**Problem**
Every line below is to be copied exactly, with the pictures left out.

*** Opening of Input data ***

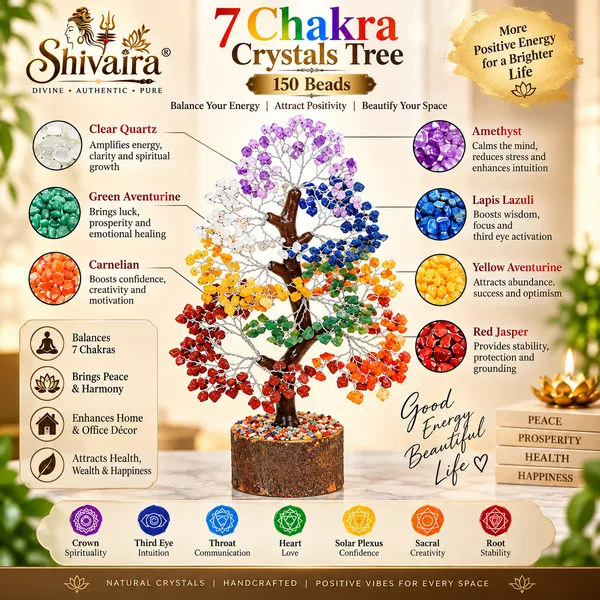 Shivaira_7_Chakra_Crystal_Tree_–_150_Beads_|_Natural_Gemstone_Tree_for_Positive_Energy,_Chakra_Balance_&_Home_Decor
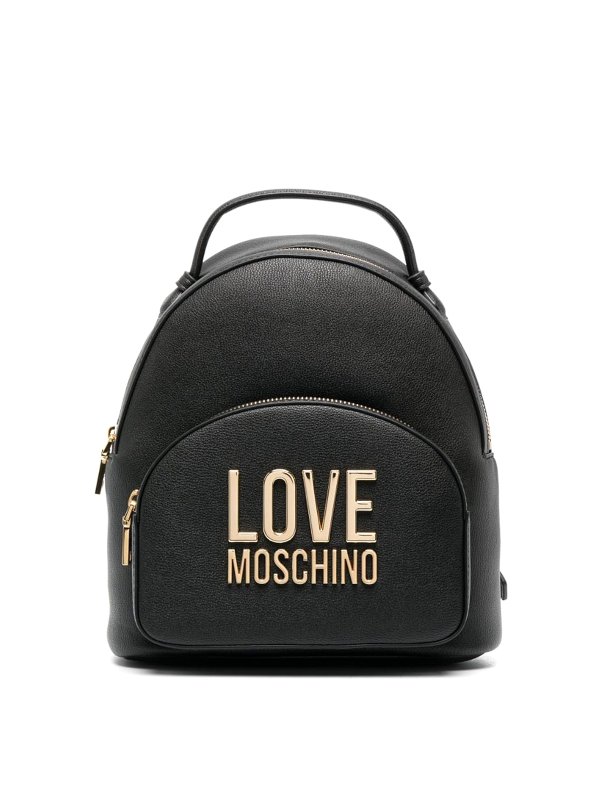 LOVE MOSCHINO: backpacks - Logo backpack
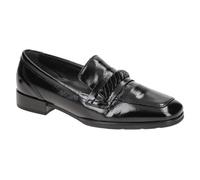 Gabor RHODOS 32.433.97 schwarz - elegante Slipper für Damen - Größe 38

*** Close of Input data ***

**Exercise result**
 Shivaira_7_Chakra_Crystal_Tree_–_150_Beads_|_Natural_Gemstone_Tree_for_Positive_Energy,_Chakra_Balance_&_Home_Decor
 LOVE MOSCHINO: backpacks - Logo backpack
 Gabor RHODOS 32.433.97 schwarz - elegante Slipper für Damen - Größe 38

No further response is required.